** Action item **
Only the lines running from the one with "日产 轩逸 2021款 经典 1.6XE CVT专享版中控内饰7004" to the end of the listing should be returned, each exactly as it appears, with both ends kept.

** Data extract **
■ ■ ■ ■ ■ ■ ■

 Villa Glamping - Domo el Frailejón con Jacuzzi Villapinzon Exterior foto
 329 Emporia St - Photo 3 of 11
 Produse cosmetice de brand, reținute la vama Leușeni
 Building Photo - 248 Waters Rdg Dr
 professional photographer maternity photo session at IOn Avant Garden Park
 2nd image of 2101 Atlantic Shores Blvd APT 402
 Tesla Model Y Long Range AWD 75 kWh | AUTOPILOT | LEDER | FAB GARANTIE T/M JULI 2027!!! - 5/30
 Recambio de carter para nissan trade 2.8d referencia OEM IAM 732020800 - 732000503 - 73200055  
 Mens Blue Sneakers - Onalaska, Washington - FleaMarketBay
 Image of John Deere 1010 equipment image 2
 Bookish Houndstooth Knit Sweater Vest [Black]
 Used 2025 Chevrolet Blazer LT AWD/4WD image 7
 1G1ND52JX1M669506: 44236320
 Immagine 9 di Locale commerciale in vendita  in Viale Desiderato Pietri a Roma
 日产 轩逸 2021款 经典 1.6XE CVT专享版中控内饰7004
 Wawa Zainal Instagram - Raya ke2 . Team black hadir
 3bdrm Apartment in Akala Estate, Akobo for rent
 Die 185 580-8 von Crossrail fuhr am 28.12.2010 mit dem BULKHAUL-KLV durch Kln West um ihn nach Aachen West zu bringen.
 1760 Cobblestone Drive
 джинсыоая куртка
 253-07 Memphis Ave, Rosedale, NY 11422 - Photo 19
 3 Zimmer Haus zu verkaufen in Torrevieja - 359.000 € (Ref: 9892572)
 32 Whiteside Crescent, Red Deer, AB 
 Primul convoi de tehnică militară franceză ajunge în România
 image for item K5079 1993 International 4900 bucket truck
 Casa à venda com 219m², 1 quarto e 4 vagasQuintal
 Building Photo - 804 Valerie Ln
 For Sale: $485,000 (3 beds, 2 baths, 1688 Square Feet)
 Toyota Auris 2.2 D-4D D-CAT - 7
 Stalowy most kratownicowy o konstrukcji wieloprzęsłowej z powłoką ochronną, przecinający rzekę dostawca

■ ■ ■ ■ ■ ■ ■

** Solution to this problem **
 日产 轩逸 2021款 经典 1.6XE CVT专享版中控内饰7004
 Wawa Zainal Instagram - Raya ke2 . Team black hadir
 3bdrm Apartment in Akala Estate, Akobo for rent
 Die 185 580-8 von Crossrail fuhr am 28.12.2010 mit dem BULKHAUL-KLV durch Kln West um ihn nach Aachen West zu bringen.
 1760 Cobblestone Drive
 джинсыоая куртка
 253-07 Memphis Ave, Rosedale, NY 11422 - Photo 19
 3 Zimmer Haus zu verkaufen in Torrevieja - 359.000 € (Ref: 9892572)
 32 Whiteside Crescent, Red Deer, AB 
 Primul convoi de tehnică militară franceză ajunge în România
 image for item K5079 1993 International 4900 bucket truck
 Casa à venda com 219m², 1 quarto e 4 vagasQuintal
 Building Photo - 804 Valerie Ln
 For Sale: $485,000 (3 beds, 2 baths, 1688 Square Feet)
 Toyota Auris 2.2 D-4D D-CAT - 7
 Stalowy most kratownicowy o konstrukcji wieloprzęsłowej z powłoką ochronną, przecinający rzekę dostawca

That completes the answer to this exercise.